→ **TASK INSTRUCTIONS**:
For the listing below, print exactly the lines from the line with "Dräger CPS 6800 Chemical Protection Suit" to the line with "Nissan CUBE 2009-12 7357355-1", both included, and nothing beyond them.

[DATA FOR THIS EXERCISE Boundary: Start]

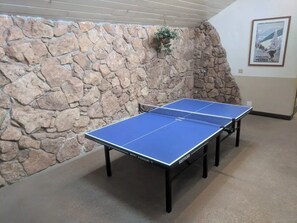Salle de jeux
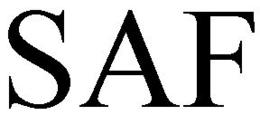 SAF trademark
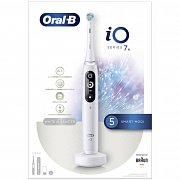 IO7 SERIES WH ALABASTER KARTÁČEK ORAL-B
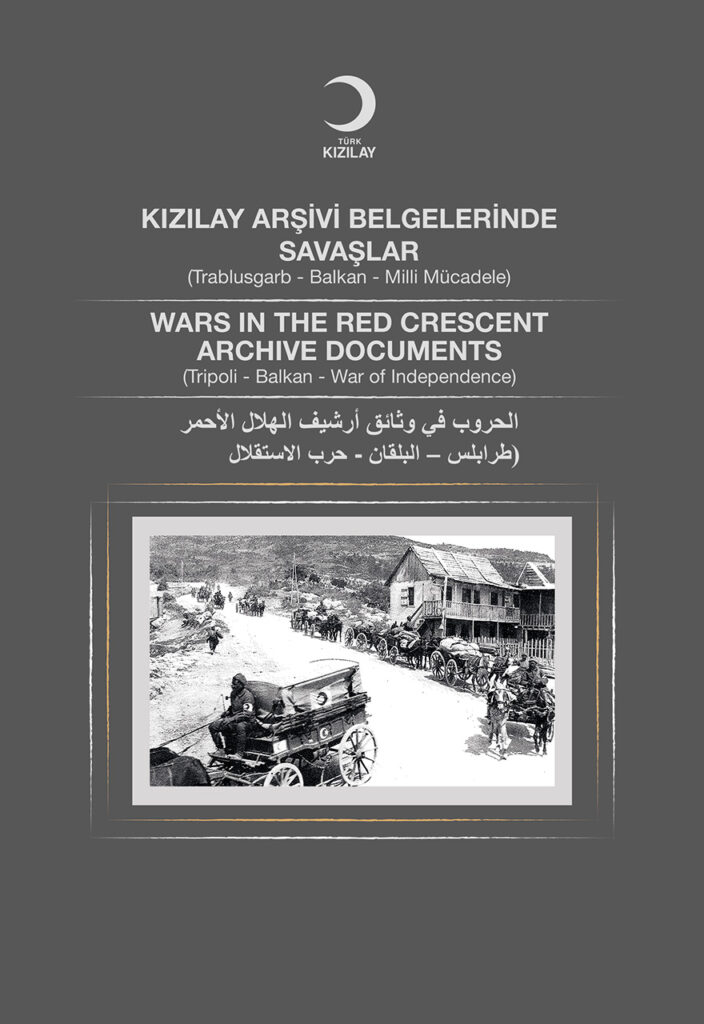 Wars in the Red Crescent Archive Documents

[DATA FOR THIS EXERCISE Boundary: End]
[DATA FOR THIS EXERCISE Boundary: Start]

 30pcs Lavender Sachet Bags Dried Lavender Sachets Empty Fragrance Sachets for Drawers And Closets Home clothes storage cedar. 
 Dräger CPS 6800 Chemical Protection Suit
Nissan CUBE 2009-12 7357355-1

[DATA FOR THIS EXERCISE Boundary: End]
[DATA FOR THIS EXERCISE Boundary: Start]

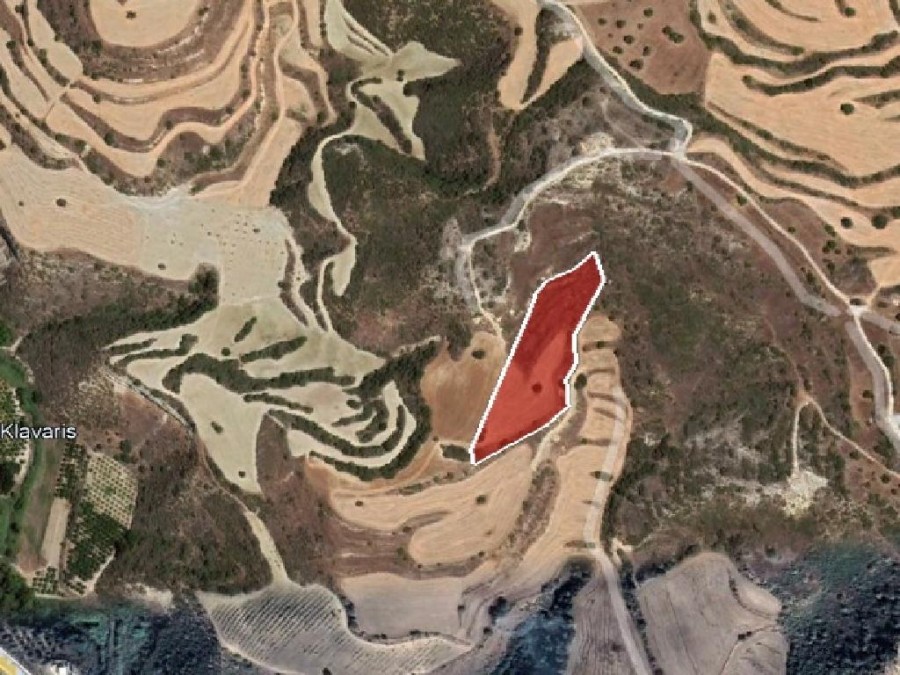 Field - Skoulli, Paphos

[DATA FOR THIS EXERCISE Boundary: End]

→ **SOLUTION**:
 Dräger CPS 6800 Chemical Protection Suit
Nissan CUBE 2009-12 7357355-1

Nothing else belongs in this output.